Chapter 11 is usually the most complex form of bankruptcy. And in legal issues, complex can often mean expensive. But for certain small businesses with less than $2,000,000 in debt, a fast tracked Chapter 11 may be a realistic option that allows a business owner to gain the benefits of bankruptcy while continuing to do business and without liquidating business assets.
Chapter 13 bankruptcy is only available to individuals. It may be an option for some businesses operating as sole proprietorships. But in most cases, businesses must choose between a liquidating bankruptcy under Chapter 7 and reorganization under Chapter 11.
While Chapter 7 bankruptcy may be the best option in cases where a business has decided to throw in the towel and dissolve, for those who want to continue doing business after bankruptcy, Chapter 11 is often the way to go. This is because it stays collection actions and allows businesses to retain possession of their assets and continue to operate during reorganization.
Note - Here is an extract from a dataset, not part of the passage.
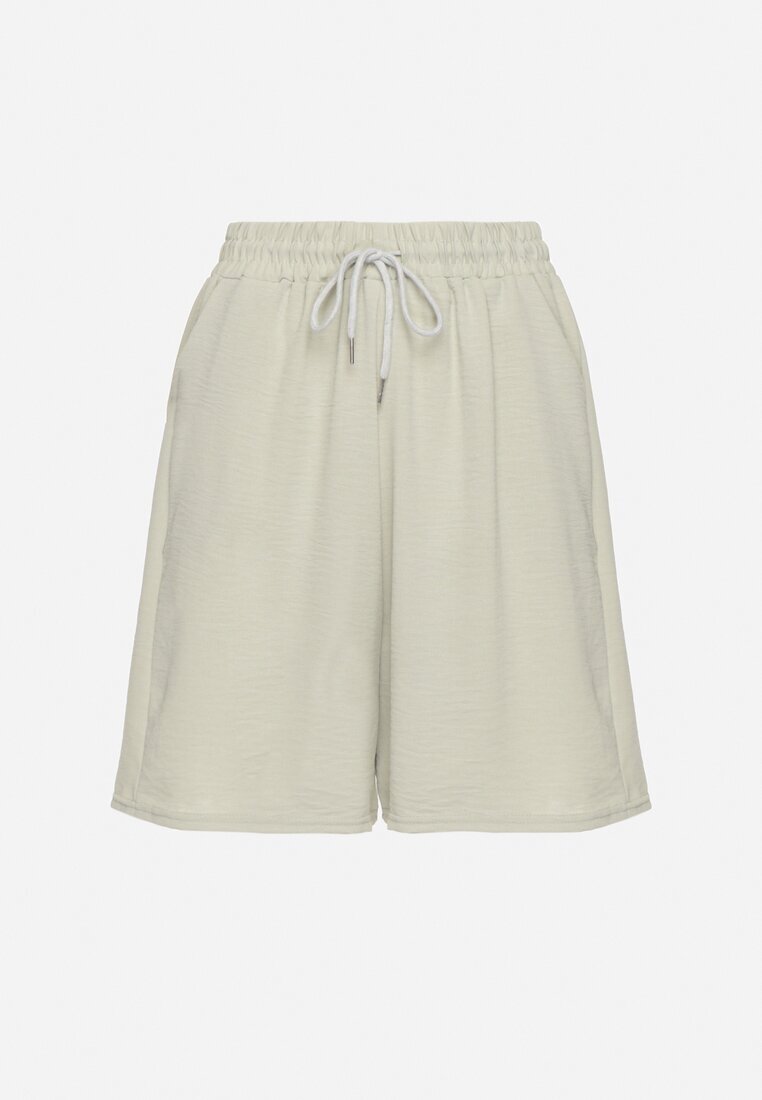 j&x Pantaloni scurți verde deschis din bumbac cu talie înaltă și cu șnur Talonessa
It also allows them to renegotiate contracts that have become financially problematic. But it won’t solve deep problems such as a lack of demand for the product or service so it is important for business owners to consider their realistic prospects of success following Chapter 11.
Of course Chapter 11, like all forms of bankruptcy, has some risks and downsides. It can impact a business’s credit and will usually cause creditors to view it as a credit risk. This may lead to higher borrowing costs and limited access to credit. The impact of numerous collection actions, however, can be just as bad and can cost far more in legal fees than simply confronting debtors head on through Chapter 11.